J’ai ensuite fais un voyage plus long, en Auvergne et dans le Périgord. 10 jours à peu près, météo maussade dans l’ensemble, mais parcours en Auvergne, ma région, inoubliable. Difficile, des cols à 1500m, mais c’est ce que je voulais.
Enfin je suis parti au mont saint Michel pendant 5 jours. Cette fois ci avec un ami. Expérience forcément différente et bien sympathique comparée au voyage seul que j’avais pratiqué jusqu’à présent.
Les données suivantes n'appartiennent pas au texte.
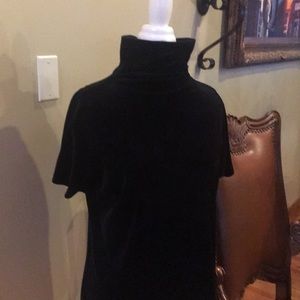 Black velvet turtleneck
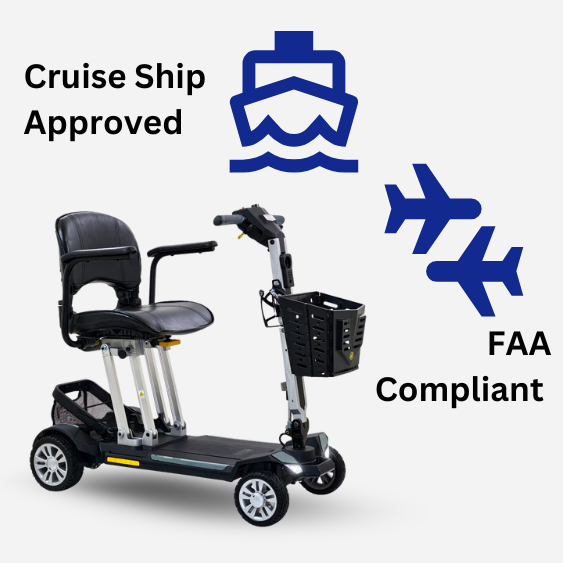 Golden Tech Buzz Around Cruise Ship Approved and FAA/ Air Travel Compliant. 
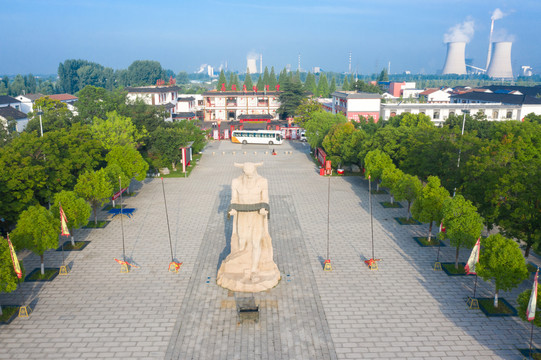 徐州市马庄村神农氏雕塑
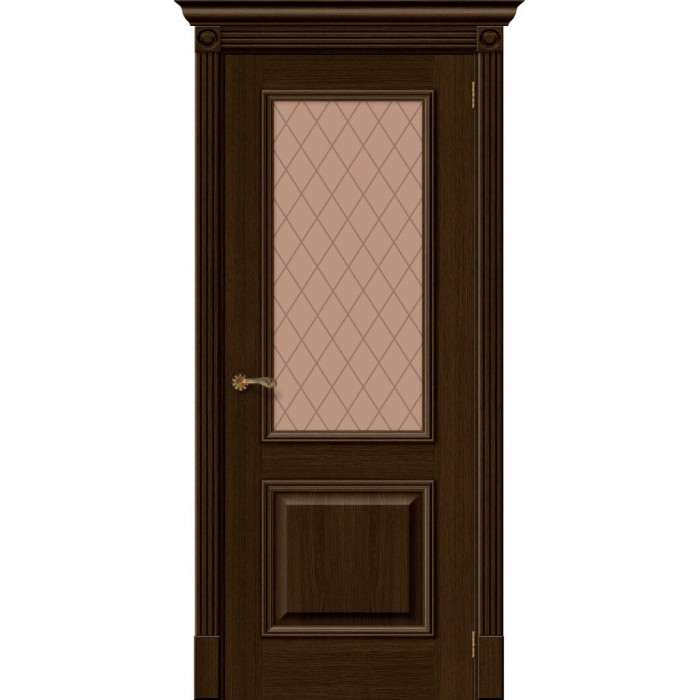 Межкомнатная дверь Вуд Классик-13 Golden Oak Bronze Сrystal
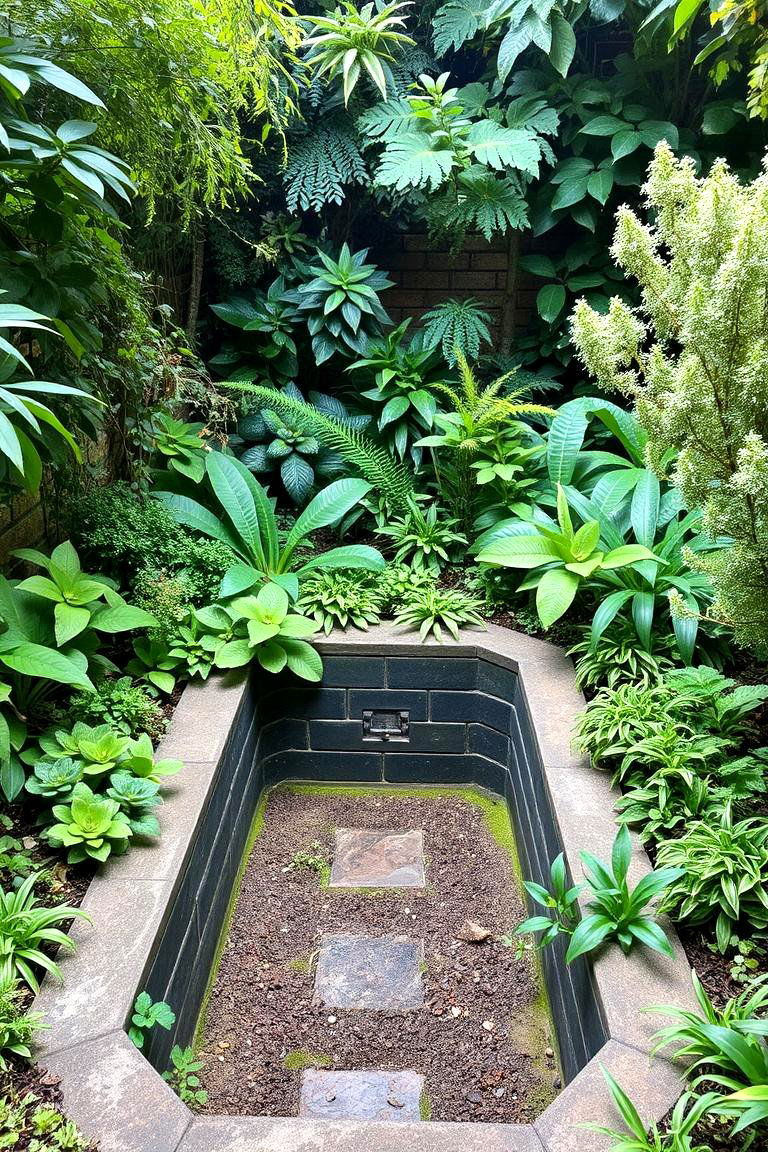 A Sunken Garden for Privacy - 24 Cottage Garden Ideas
Pourquoi je fais du vélo de voyage? Parce que ça me nourri. C’est difficilement explicable avec des mots, mais les émotions sont nombreuses et intenses. La découverte de l’inconnu, la découverte de soi, la nature omniprésente. Les images, les odeurs. La liberté surtout. Et comme je dit souvent, le voyage en vélo, c’est en décapotable. Mais c’est ça, ça me nourri, au sens propre du terme. Lors de mon voyage en Méditerranée, les restaurant étaient fermés, et ce n’était pas si facile de trouver à manger. Parfois j’ai du sauter des repas. Jamais je n’ai eu faim. Ça m’a étonné. Certes je ne suis pas un athlète, j’ai des réserves, mais quand même, après 90km de vélo chaque jour, j’aurais dû avoir faim. Et bien, pas tant que ça. Ce que je traversais me nourrissait, je l’ai découvert alors.
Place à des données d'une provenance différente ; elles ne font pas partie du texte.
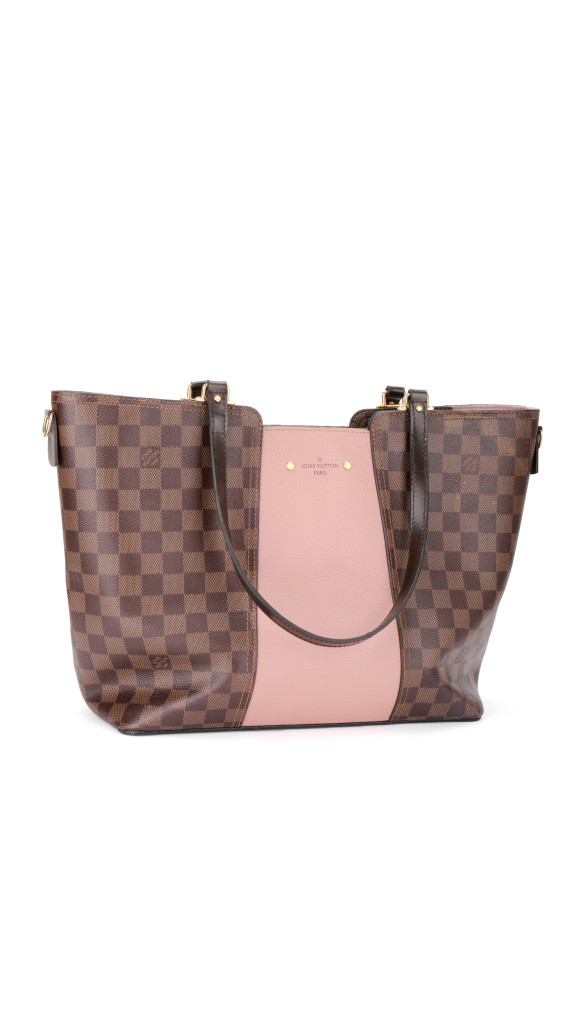 Louis Vuitton Damier Ebene Rose Ballerine Canvas Tote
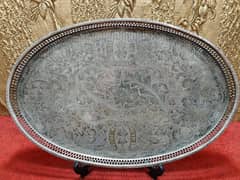 large size silver plated tray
En ce moment, je fais mon premier voyage à l’étranger. En Europe, Allemagne, Autriche, et Suisse bientôt. Et c’est magnifique. Je vois d’autres cultures, d’autres pratiques, sans parler des paysages. Le voyage en vélo, c’est sûrement ce que j’ai fais de plus intense depuis ma randonnée dans les Pyrénées (un tiers du GR10).
Qu’est ce qui est mieux entre la randonnée à pied et la randonnée à vélo? Bonne question. C’est différent. L’avantage que je vois à vélo, c’est la vitesse. Le vélo est pour moi le meilleur moyen de transport en Europe. Il permet d’aller suffisamment vite pour explorer. On peut s’arrêter quand on veut, mais si on veut traverser rapidement une zone sans intérêt, ça va vite. On va à 20km/h à peu près, c’est à dire qu’on couvre une distance importante en très peu de temps comparé à la marche.
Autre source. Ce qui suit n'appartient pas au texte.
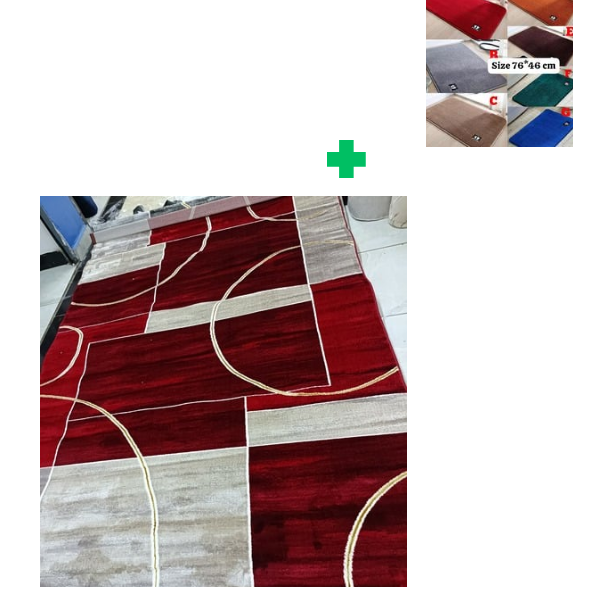 [🔥SPECIAL LIMITED OFFER🌽ONLY AT KILIMALL !!!]  1Pc [ 6X9fts ] Brand new Stylish and Luxurious Exclusive Turkish carpet..That Comes with a Free Doormat ( Random Color)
Après tous ces voyages, je dois avouer que j’ai éprouver un peu de lassitude. Et puis en regardant la carte, en regardant des récits de voyage, j’ai prévu ce présent voyage. Il est un peu nouveau car j’ai prévu tous les hébergements à l’avance. Donc je voyage plus léger, sans tente et duvet,… Aussi, j’ai prévu une étape à Bregenz pour aller voir un opéra, où est construite apparemment, l’été, une scène sur le lac. Ils vont jouer Rigoletto de Verdi. C’est amusant pour moi, aller à l’opéra en vélo, en Autriche. Il faut des projets. A notre époque, c’est vital. Des projets enrichissants. Il y a urgence.